History

United Kingdom
- Name: Kingston
- Owner: 1806:Litt & Co.; 1808:Burke & Co.;
- Launched: 1812
- Fate: Reported lost at Barbuda 1810

General characteristics
- Tons burthen: 412 (bm)
- Sail plan: Ship
- Complement: 50
- Armament: 1806:16 × 9-pounder guns + 4 × 24-pounder carronades; 1810:4 × 9-pounder + 12 × 12-pounder guns + 4 × 24-pounder carronades;

= Kingston (1806 Liverpool ship) =

Kingston was launched in 1806 at Liverpool. She made one voyage as a slave ship. Thereafter she traded with the West Indies until she was lost in 1809.

==Career==
Kingston appeared in Lloyd's Register in 1806 with Callaghan, master, Litt & Co., owner, built in Liverpool, and trade Liverpool—Africa.

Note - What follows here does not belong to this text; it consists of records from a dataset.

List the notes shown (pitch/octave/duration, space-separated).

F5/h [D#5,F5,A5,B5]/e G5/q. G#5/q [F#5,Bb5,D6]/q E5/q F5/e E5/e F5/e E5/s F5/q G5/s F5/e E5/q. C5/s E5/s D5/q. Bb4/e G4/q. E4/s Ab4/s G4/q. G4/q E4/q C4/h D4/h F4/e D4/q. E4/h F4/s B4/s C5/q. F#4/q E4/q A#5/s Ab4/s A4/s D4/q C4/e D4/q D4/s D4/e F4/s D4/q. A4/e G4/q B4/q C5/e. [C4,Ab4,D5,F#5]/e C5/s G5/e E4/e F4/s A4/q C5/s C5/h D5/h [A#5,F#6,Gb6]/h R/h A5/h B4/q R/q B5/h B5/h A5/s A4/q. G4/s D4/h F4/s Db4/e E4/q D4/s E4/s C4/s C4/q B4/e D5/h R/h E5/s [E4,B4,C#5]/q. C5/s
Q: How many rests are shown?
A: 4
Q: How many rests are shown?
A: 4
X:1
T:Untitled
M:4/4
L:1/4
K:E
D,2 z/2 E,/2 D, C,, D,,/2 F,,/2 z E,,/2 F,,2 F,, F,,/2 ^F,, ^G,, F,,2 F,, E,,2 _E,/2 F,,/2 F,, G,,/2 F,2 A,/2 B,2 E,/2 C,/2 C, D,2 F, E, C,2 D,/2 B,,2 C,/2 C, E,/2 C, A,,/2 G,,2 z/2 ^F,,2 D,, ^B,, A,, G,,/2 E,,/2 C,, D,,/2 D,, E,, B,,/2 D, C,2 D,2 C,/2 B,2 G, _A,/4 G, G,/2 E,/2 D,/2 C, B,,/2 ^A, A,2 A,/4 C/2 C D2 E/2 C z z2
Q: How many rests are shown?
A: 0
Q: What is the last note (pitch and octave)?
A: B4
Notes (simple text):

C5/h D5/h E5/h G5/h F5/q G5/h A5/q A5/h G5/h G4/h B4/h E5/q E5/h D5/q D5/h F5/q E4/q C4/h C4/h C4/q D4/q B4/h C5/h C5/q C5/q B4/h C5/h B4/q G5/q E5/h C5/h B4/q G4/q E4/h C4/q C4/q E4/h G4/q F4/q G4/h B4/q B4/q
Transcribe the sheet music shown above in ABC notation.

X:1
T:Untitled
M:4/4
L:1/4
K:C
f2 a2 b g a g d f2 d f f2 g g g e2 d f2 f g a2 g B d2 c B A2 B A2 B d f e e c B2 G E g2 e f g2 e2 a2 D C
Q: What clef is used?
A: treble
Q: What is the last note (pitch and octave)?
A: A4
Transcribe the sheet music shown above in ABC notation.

On 18 August 1806 Captain Patrick Callan acquired a letter of marque. (Note: Patrick Callan was born in Ireland and entered the British West Indies and the slave trade from the Baltic trade.) He then sailed from Liverpool on 23 September 1806 on a slave trading voyage to the Bight of Biafra and Gulf of Guinea islands. He acquired his slaves at Bonny and on 28 April 1807 delivered 315 to Jamaica. Kingston sailed from Jamaica on 25 July and arrived back at Liverpool on 4 October. She had left with 57 crew members and suffered eight crew deaths on the voyage.

New owners then sailed Kingston as a West Indiaman.

| Year | Master | Owner | Trade | Source |
|---|---|---|---|---|
| 1807 | Callaghan | Litt & Co. | Liverpool—Africa | Lloyd's Register |
| 1808 | Callaghan Creighton | Litt & Co. Burke & Co. | Liverpool—Africa London—Jamaica | Lloyd's Register |
| 1809 | Creighton | Burke & Co. | London—Jamaica | Lloyd's Register |
| 1809 | L. Bruton | Burke & Co. | London—Jamaica | Register of Shipping |
| 1810 | Bruton | Burke & Co. | London—St Croix | Lloyd's Register |
| 1810 | L. Bruton | Burke & Co. | London—Jamaica | Register of Shipping |

==Fate==
Lloyd's List reported on 2 March 1810 that Kingston, Bruxton, master, had been lost at Barbuda while sailing from St Croix to Liverpool. The Register of Shipping for 1810 has the notation "LOST" by her name.